WHAT TO PRODUCE -
Down to the last line, set down the listing below exactly, apart from its pictures.

DATASET EXTRACT -
##########

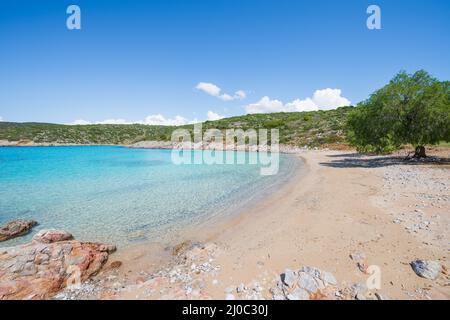 The beautiful Agia Dynami beach on Chios Island in Greece. Stockfoto
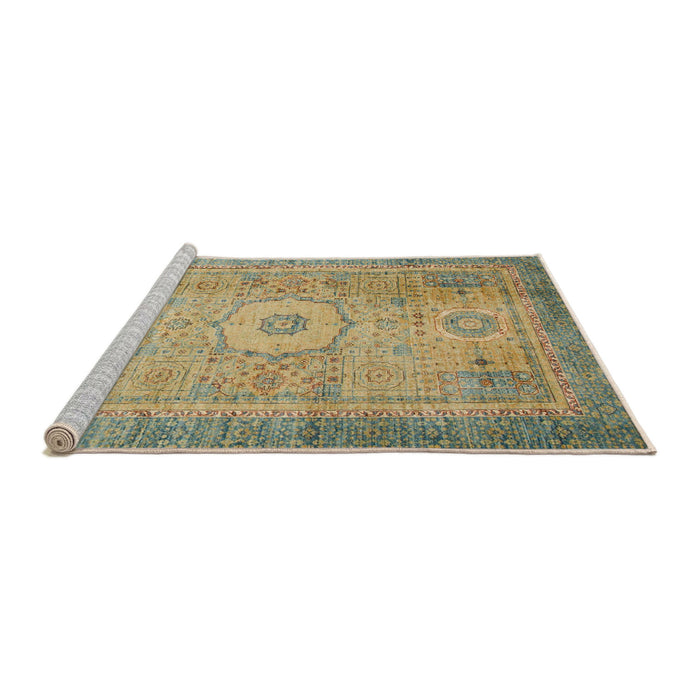 Sideview of Machine Washable Abstract Brown Rug, wshabs1305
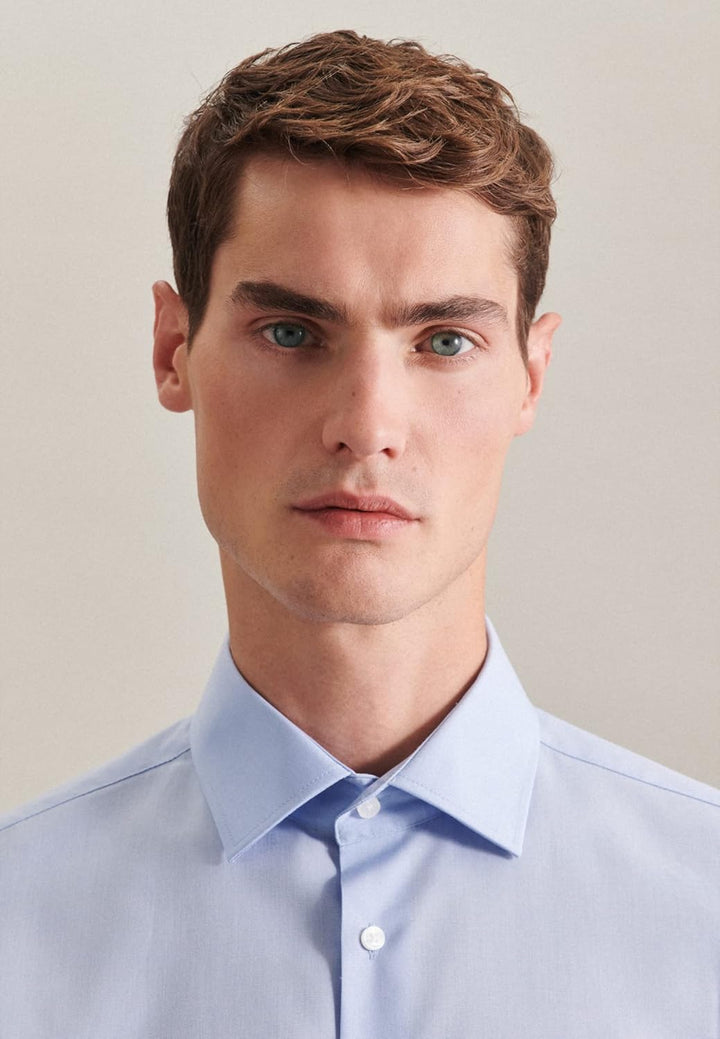 Seidensticker Herren Slim Bügelfrei Business Kent Extra Langer Arm Shirt 36 Hellblau, 36 Hellblau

##########

RESPONSE FOR THIS EXERCISE -
 The beautiful Agia Dynami beach on Chios Island in Greece. Stockfoto
 Sideview of Machine Washable Abstract Brown Rug, wshabs1305
 Seidensticker Herren Slim Bügelfrei Business Kent Extra Langer Arm Shirt 36 Hellblau, 36 Hellblau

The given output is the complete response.